CAPITALE & LAVORO

Brunetta alle solite: l'annunciata class action non esiste

BIDONI - Il ministro ne ha parlato per mesi, ma la legge è sparita. Forti limiti nella versione che riguarda le aziende
TORBIDONI GIULIA,

Il 2010 si è aperto con uno scippo «ai danni dei consumatori compiuto da Berlusconi e Brunetta». Lo sostiene il Codacons (il Coordinamento delle associazioni per la difesa dell'ambiente e dei diritti degli utenti e dei consumatori) che accusa il governo di avere «fatto sparire la class-action contro la Pubblica Amministrazione».
Secondo i consumatori, il testo di legge sulle cause collettive, pubblicato sulla Gazzetta Ufficiale appena quattro giorni fa, il 2 gennaio, è diverso da quello precedente. Secondo il vecchio schema, a gennaio sarebbero dovute partire le azioni collettive contro i ministeri. Nel testo appena pubblicato, invece, «non entra in vigore un bel niente, almeno riguardo ad azioni che tendono a sanzionare il mancato rispetto degli standard qualitativi per i concessionari di servizi pubblici (Trenitalia, Comuni, Province, Regioni, società della luce, del gas, dell'acqua ecc...) rinviando la class-action a futuri e incerti decreti della Presidenza del Consiglio per fissare gli standard qualitativi dei servizi da erogare ai cittadini».

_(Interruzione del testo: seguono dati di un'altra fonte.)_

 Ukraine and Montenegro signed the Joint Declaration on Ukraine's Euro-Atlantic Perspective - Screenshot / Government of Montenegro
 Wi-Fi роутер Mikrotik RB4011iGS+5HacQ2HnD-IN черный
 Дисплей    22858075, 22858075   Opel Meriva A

Dunque, le azioni collettive contro le carenze della pubblica amministrazione rimarranno ferme, ai posti di partenza in cui si erano posizionate. «Già l'azione collettiva contro la P.A. faceva acqua da tutte le parti perché non prevedeva sanzioni di alcun genere - scrivono i consumatori - ora, grazie al grande fustigatore Renato Brunetta, l'inefficienza delle varie amministrazioni sarà perdonata, a scapito degli utenti».

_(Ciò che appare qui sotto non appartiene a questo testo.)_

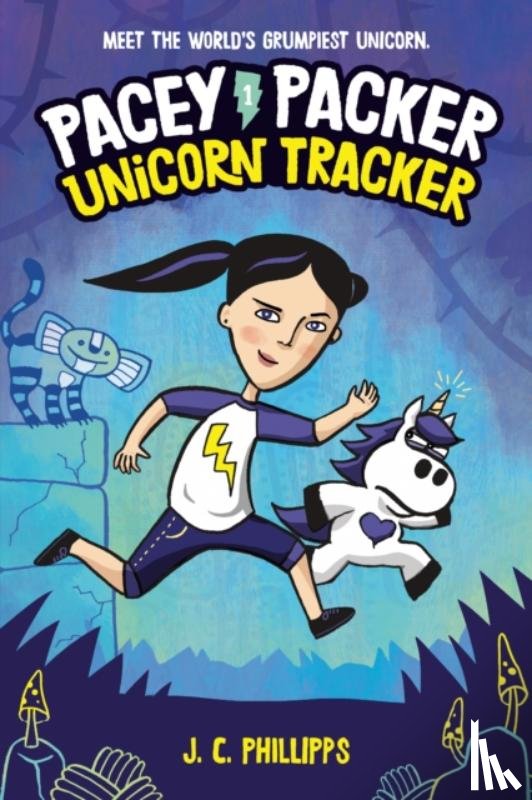Phillipps, J.C. - Pacey Packer: Unicorn Tracker Book 1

Ma c'è dell'altro. Secondo il Codacons, infatti, sono scomparsi dal testo di legge anche i fondi dell'Antitrust destinati alle associazioni dei consumatori: «Non compaiono né nelle pieghe del bilancio, né nel Milleproroghe, a testimoniare l'intenzione del governo di impedire alle associazioni di avvalersi dell'azione collettiva contro imprese e amministrazioni».
La class-action attivabile nei confronti delle imprese, è al contrario in vigore (dall'1 gennaio), ma presenta forti limiti: impedisce azioni collettive per illeciti commessi prima del 16 agosto 2009. Della serie scurdammoce 'o passat', come al solito. Con tanti saluti alle cause che i cittadini e i risparmiatori, truffati dai grandi crack tipo Parmalat e Cirio, avrebbero potuto intentare per avere giustizia. Altro punto debole sono i tempi: l'azione collettiva, infatti, deve superare una gimkana prima di vedere la fine. Prima c'è il controllo della sua ammissibilità; poi ha inizio la causa ordinaria, dove il giudice esamina tutte le richieste dei partecipanti alla class-action; in seguito c'è l'accertamento del danno e, infine, la sua quantificazione che si risolve con la restituzione delle somme e non con un risarcimento.
Il segretario generale dell'Unione nazionale consumatori, Massimiliano Dona, ha definito la norma «un'arma spuntata» perché il Codice del Consumo impedisce alle organizzazioni di proporre cause collettive. «Però - ha detto Dona - le azioni collettive si faranno per rendere palesi i limiti di questa norma».